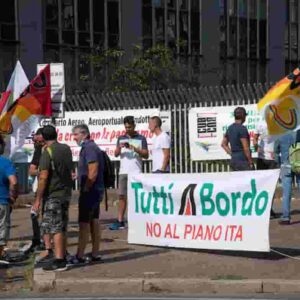 Ita perde il pelo ma non il vizio Alitalia: primo scioperare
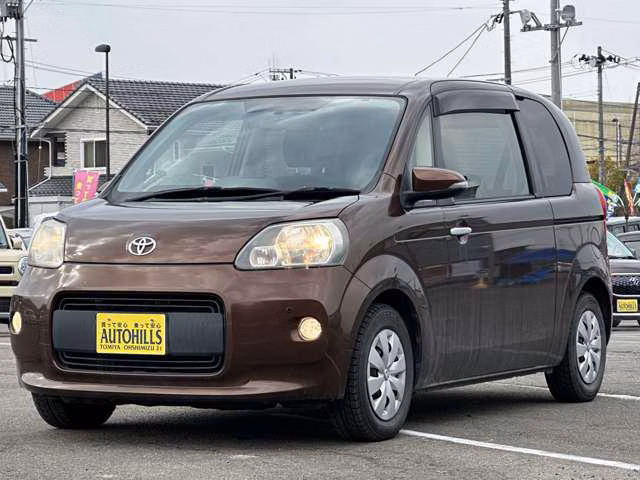 TOYOTA PORTE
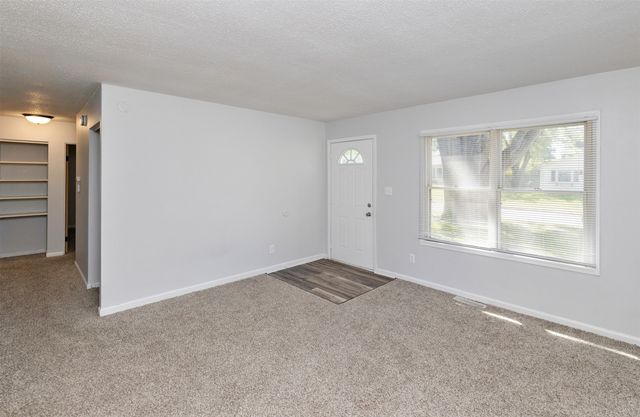 4030 E Seneca Avenue, Des Moines, IA 50317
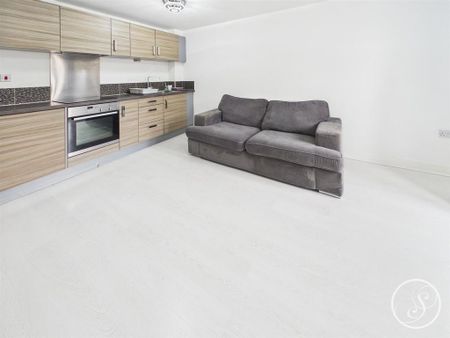 2 bedroom terraced house to rent - Photo 2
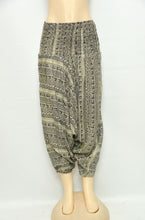 Load image into Gallery viewer, Patterned Harem Pants
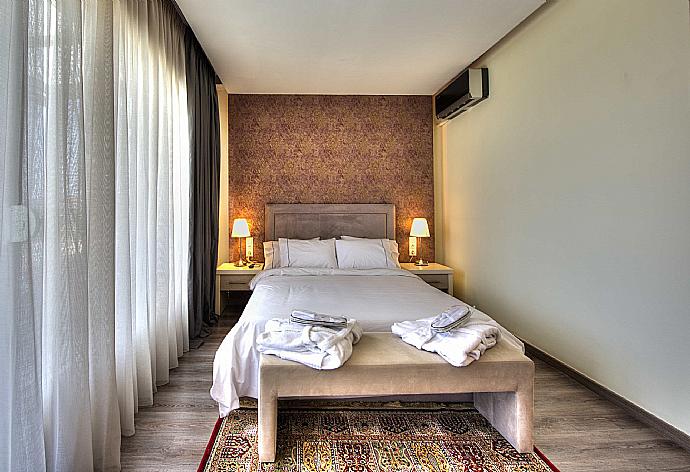 Double bedroom with A/C . - Spa Villa . (Galleria fotografica) }}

□ □ □

◆ PROBLEM REQUIREMENTS:
Copy out the data above exactly, except the pictures.

◆ RESULT FOR THIS EXERCISE:
 Ita perde il pelo ma non il vizio Alitalia: primo scioperare
 TOYOTA PORTE
 4030 E Seneca Avenue, Des Moines, IA 50317
 2 bedroom terraced house to rent - Photo 2
 Load image into Gallery viewer, Patterned Harem Pants
 Double bedroom with A/C . - Spa Villa . (Galleria fotografica) }}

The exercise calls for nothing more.